We were sitting up against the wall, in the front corner of the room. I was the third person in at our table on my side, and when the food finally came, the waitress set down the first two plates in front of the people to my left and then she started to reach out with my plate. Since we were backed up against the wall, she lifted the plate up over the guy’s head next to me, intent on sideling the plate to the table between our shoulders. It didn’t look like an easy maneuver to me, so I reached up to help her by taking the plate from her.
The waitress said, “It’s okay, the plate is hot.” This should have translated to me to mean, “don’t touch it, gringo, you’ll burn your stupid pasty white hand.” But instead, I grabbed a hold of the plate with my right hand to guide it to the table. She said again slightly more insistent, “It’s hot.” But it was too late, the weight of the plate was in my hand.
Everywhere I go, the server tells me, as she slides the plate on the table in front of me, “The plate is hot,” “Careful, the plate is hot.” How many of us still touch the plate? Remember the “Seinfeld” episode about this very topic? We want to know what, exactly, is the server’s idea of a hot plate. Is it to judge our sensitivity to hot things or are we judging that of the server? Invariably the plate is never that hot, so the warnings become trite platitudes we expect from overly cautious waitresses looking to protect the business from lawsuits brought down on them by paper-skinned suit-happy diners. So, for our entire lives, waitresses have been crying wolf about hot plates when, in fact, they’re mildly warm, at best.
So, when this woman suggested that I be careful, that the plate is hot, I hardly paid any attention to her, instead grabbing the plate without a second thought. That was my mistake, as I have never held onto anything hotter in my life. It scalded my hand for the entire second and a half it took us to deliver the plate to the table. She kept her hand on it, which slowed me down from dropping it in front of me, and I kept holding onto it because I didn’t want to let go in the chance that she was also letting go of it and that plate would have ended up in my lap.
The second I was able to let go of the plate, I quickly wrapped my hand around a glass of ice water, exclaiming to the waitress, “How could you possibly hold onto that?” You see, part of the “cry wolf” rouse in this case was the fact that she wasn’t using a potholder to hold onto that plate. So, why wouldn’t I think I could do it too! After all, she was as merely mortal as I am, and I can't imagine her hands being any tougher than mine. She told me that she’s “done it a few times before,” but she flashed me her palms and they didn't look like the tred of a tire, but instead regular fleshy hands, callous free even.
That's what I get for chosing a career as a writer/editor. My hands barely touch anything through the course of a day but soft keys on a non-abrasive, temperature controled keyboard.
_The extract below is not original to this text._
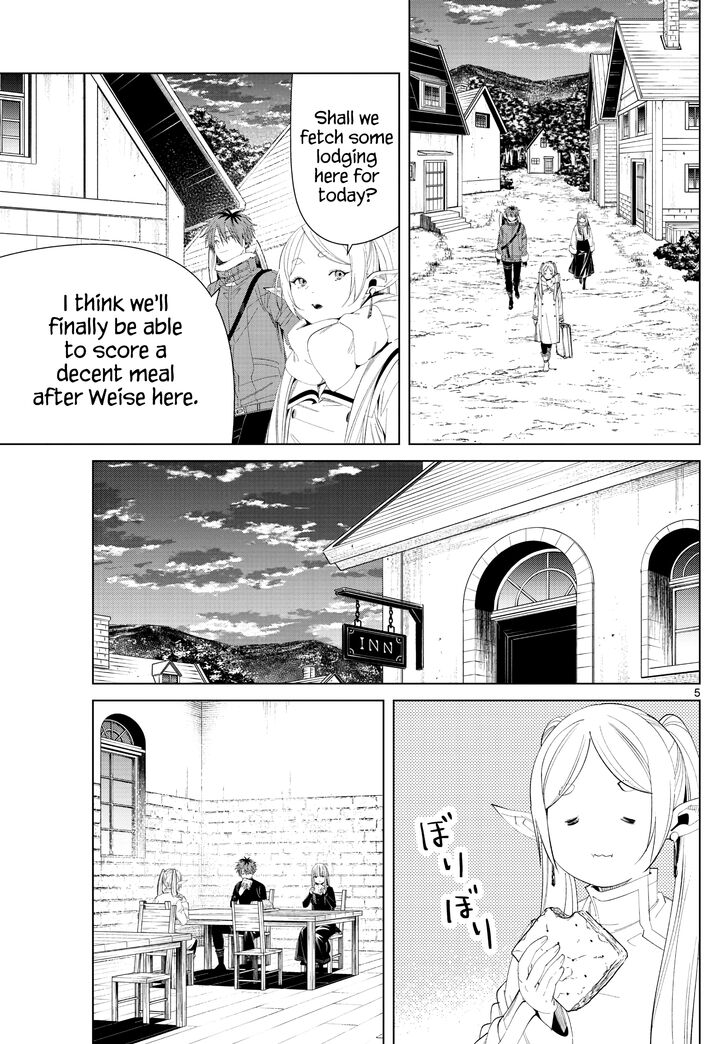 Sousou no Frieren Chapter 105 page 5 - Chapter 105: Golem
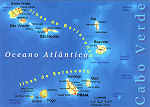 SN - Mapa - CV Arquiplago de Cabo Verde - Ed. Informao Turstica - Lucete Fortes - Mindelo - Cabo Verde - tel. +2382324267 www.bela-vista.net Cartografia: Dr. Pitt Reitmaier - SD - Dim. 14,8x10,5 cm - col. Manuel Bia (2011)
When I finally pulled my hand away from the glass of water, a rounded welt had formed, circling from the middle of my middle finger down into the palm of my hand.
Great, a second degree burn, and in an hour or two later, a series of shiny white blisters had formed… and it still hurts, two days later. I honestly have no idea how it was physically possible for that woman to be able to touch that plate, much less carry it from the kitchen to my table, along with three other plates I can only assume were just as hot.
So, word to the wise. Even though 99 servers have told you that the plate is hot and you later find out that it really wasn't, it only takes one to scar you for life, making you listen to the next 99—even though they’re never as hot as the server pretends. Or are they? The only thing you can do is find out by touching them, right?